Thursday, November 22, 2018


Test ID: TPPA    
Syphilis Antibody by TP-PA, Serum


Useful For 

An aid to resolve discrepant results between screening treponemal (eg, enzyme immunoassay [EIA], multiplex flow immunoassay) and nontreponemal (eg, rapid plasma regain) assays

Testing Algorithm 

See Syphilis Serology Algorithm in Special Instructions.

Clinical Information 

Syphilis is a disease caused by infection with the spirochete Treponema pallidum. The infection is systemic and the disease is characterized by periods of latency. These features, together with the fact that T pallidum cannot be isolated in culture, mean that serologic techniques play a major role in the diagnosis and follow-up of treatment for syphilis.

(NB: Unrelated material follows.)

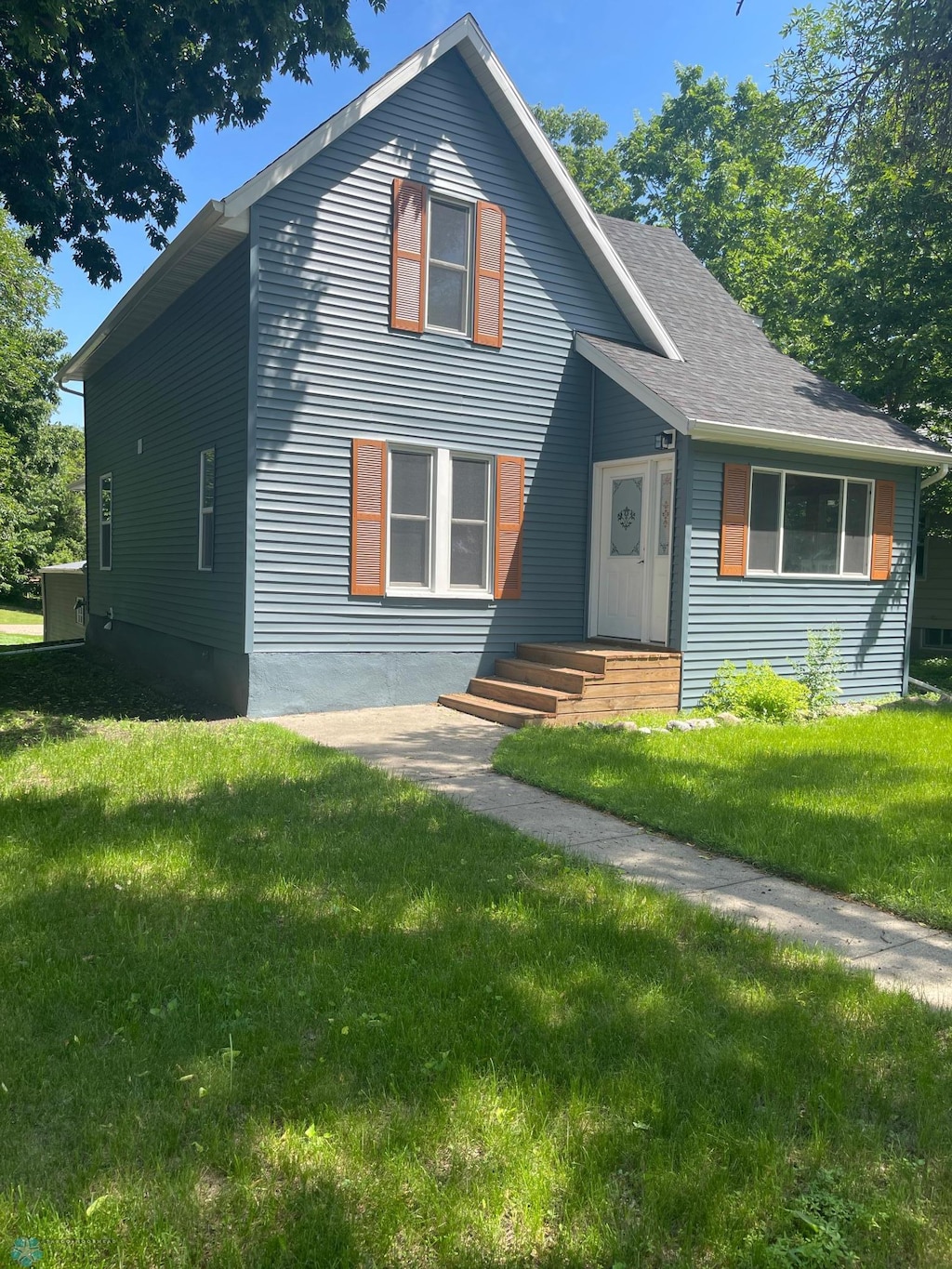 511 Harris St, Lisbon, ND 58054 - photo 1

Syphilis is categorized by an early primary infection in which patients may have non-specific symptoms, and potentially, genital lesions. Patients tested by serology during the primary phase may be negative for antibodies, especially if testing is performed during the first 1 to 2 weeks after symptom onset. As the disease progresses into the secondary phase, antibodies to T pallidum reach peak titers, and may persist indefinitely regardless of the disease state or prior therapy. Therefore, detection of antibodies to nontreponemal antigens, such as cardiolipin (a lipoidal antigen released by host cells damaged by T pallidum) may help to differentiate between active and past syphilis infection. Nontreponemal antibodies are detected by the rapid plasma reagin (RPR) assay, which is typically positive during current infection and negative following treatment or during late/latent forms of syphilis.

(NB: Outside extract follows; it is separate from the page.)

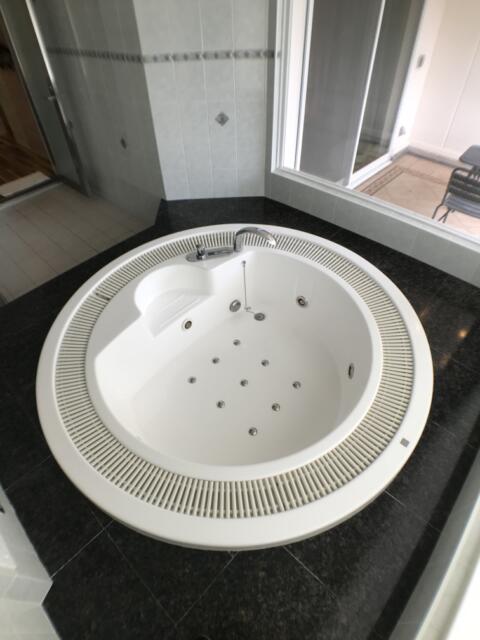 HOTEL Ciel (シエル)沼津(沼津市/ラブホテル)の写真『405号室　浴槽』by ま〜も〜る〜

For prenatal syphilis screening, the syphilis IgG test (SYPGN / Syphilis Antibody, IgG, Serum) is recommended. Testing for IgM-class antibodies to T pallidum should not be performed during routine pregnancy screening unless clinically indicated.

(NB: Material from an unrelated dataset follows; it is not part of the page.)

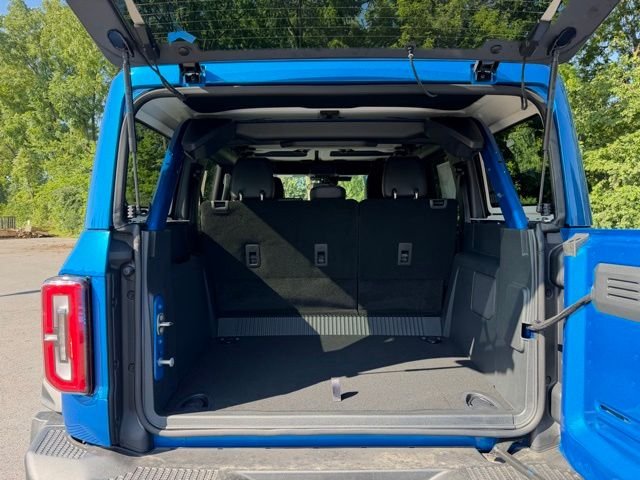 New 2026 Velocity Blue Metallic Ford Badlands image 19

Historically, the serologic testing algorithm for syphilis included an initial nontreponemal screening test, such as the RPR or the venereal disease research laboratory (VDRL) tests. Because these tests measure the host's antibody response to nontreponemal antigens, they may lack specificity. Therefore, a positive result by RPR or VDRL requires confirmation by a treponemal-specific test, such as the fluorescent treponemal antibody-absorbed (FTA-ABS) or the T pallidum particle agglutination (TP-PA). Although the FTA-ABS and TP-PA are technically simple to perform, they are labor intensive and require subjective interpretation by testing personnel.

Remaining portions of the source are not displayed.